Finding the thread that runs through your story can be a big part of finding your voice as an author. And it can also help to guide you through some of the pitfalls.
The #OwnVoices movement is getting stronger (as it should) but it means that an author writing outside of his/her own personal experience is more likely to face challenges. Research is important but it's only part of the work.
The other part was summed up very eloquently in Nathan Burgoine's post on the Spoonie Author Network: Why You? Before deciding to tell a story which isn't your own, take the time to think about why you want to do so.
I struggled with this decision for Metamorphosis and Judgment, both of which have Native American main characters. I knew I wanted to place the stories in an isolated community up North and the vast majority of the population up there is native.
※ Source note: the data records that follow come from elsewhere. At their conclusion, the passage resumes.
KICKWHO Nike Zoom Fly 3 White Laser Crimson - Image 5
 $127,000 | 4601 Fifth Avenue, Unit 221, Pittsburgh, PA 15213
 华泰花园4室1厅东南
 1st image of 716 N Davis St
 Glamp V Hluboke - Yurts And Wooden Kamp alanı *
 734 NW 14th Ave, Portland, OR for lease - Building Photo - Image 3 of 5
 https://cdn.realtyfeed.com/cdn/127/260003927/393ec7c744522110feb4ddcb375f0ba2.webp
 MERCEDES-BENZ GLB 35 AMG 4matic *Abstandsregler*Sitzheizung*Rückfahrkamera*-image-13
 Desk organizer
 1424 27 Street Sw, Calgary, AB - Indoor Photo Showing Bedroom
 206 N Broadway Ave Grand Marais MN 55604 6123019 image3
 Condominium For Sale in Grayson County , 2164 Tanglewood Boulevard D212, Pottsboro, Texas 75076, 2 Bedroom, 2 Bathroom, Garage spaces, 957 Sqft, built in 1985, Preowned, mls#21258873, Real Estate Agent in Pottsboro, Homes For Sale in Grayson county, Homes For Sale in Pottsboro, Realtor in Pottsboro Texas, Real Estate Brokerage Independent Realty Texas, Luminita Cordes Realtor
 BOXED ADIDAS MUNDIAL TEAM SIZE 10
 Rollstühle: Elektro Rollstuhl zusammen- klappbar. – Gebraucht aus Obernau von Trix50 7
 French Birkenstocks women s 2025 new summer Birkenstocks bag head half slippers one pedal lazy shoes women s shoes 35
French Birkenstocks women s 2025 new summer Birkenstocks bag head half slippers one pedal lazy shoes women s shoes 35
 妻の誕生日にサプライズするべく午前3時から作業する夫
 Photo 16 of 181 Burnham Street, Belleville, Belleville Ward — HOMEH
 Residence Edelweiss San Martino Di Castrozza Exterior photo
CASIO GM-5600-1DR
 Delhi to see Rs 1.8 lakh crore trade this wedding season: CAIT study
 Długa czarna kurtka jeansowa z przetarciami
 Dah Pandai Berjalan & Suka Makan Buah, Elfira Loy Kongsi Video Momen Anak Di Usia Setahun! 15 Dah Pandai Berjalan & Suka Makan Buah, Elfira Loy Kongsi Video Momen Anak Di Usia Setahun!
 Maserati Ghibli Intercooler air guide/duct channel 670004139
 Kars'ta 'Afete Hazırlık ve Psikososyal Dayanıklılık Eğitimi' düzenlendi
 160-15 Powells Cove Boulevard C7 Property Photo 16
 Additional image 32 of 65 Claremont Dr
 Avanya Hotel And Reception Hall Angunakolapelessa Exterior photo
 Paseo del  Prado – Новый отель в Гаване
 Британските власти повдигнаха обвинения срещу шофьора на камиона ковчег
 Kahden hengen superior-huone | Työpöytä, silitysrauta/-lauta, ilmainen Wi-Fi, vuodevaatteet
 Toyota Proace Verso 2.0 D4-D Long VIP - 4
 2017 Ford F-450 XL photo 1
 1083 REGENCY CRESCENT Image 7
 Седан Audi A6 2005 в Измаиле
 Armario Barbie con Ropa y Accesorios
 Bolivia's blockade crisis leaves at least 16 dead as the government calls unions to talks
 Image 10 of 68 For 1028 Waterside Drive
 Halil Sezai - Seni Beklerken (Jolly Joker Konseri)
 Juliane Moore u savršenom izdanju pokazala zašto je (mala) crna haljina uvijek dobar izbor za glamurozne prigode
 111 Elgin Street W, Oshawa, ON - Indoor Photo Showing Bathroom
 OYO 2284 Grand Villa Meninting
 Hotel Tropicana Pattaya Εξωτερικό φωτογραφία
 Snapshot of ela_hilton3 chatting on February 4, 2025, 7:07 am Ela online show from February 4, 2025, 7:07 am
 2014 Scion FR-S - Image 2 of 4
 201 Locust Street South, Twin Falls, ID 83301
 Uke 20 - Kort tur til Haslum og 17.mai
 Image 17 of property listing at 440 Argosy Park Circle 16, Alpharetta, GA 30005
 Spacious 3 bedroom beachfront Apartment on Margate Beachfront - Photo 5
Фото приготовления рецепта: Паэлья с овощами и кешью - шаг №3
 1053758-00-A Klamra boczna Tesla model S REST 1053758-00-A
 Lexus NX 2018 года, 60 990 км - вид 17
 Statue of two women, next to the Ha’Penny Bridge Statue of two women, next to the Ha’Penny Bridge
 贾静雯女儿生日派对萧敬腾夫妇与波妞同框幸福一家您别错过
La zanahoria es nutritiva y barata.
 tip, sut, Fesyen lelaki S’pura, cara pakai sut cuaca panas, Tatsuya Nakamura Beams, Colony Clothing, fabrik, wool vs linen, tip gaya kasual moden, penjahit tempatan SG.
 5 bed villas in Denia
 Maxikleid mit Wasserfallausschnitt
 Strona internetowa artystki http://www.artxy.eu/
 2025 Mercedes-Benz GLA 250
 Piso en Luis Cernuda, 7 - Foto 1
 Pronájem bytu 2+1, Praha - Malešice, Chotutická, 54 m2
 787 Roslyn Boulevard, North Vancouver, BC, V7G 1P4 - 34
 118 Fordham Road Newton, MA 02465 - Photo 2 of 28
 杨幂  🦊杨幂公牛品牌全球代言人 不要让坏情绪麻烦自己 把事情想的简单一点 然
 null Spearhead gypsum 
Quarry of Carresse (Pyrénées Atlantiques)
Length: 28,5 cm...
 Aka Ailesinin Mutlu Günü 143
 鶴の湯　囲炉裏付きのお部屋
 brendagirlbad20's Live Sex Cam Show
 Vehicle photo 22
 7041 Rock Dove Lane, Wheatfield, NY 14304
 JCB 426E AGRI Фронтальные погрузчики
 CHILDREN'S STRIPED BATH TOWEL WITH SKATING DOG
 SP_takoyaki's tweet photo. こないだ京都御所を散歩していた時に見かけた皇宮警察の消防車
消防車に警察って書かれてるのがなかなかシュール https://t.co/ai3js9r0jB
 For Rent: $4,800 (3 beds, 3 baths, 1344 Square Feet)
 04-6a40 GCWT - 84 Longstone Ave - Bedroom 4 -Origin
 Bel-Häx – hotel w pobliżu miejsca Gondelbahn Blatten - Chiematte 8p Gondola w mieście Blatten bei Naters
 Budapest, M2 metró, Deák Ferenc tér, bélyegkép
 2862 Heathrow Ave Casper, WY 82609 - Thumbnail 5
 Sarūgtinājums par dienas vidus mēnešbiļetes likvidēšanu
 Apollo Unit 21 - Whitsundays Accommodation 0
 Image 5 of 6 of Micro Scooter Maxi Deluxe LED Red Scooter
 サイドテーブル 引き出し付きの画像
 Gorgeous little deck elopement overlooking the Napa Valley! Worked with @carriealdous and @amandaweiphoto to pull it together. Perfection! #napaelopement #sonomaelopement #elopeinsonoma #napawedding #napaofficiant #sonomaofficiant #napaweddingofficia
To have non-native characters felt like whitewashing but at the same time, I knew I was going to have to be very careful and make sure I did my homework. But it was critical to the story that I wanted to tell about those who can't hide from prejudice (in my case, people with visible signs of their talents). So I've done my best to represent them in a respectful and accurate way.
But I think the message behind the story is important to find out even if an author isn't treading on OwnVoices territory. Why do you want to tell this story? What is the one piece that could never be compromised on, that would gut the whole reason why the story needs to be told in the first place?
When you know the answer to that question, then you'll be able to craft something more powerful than you can imagine.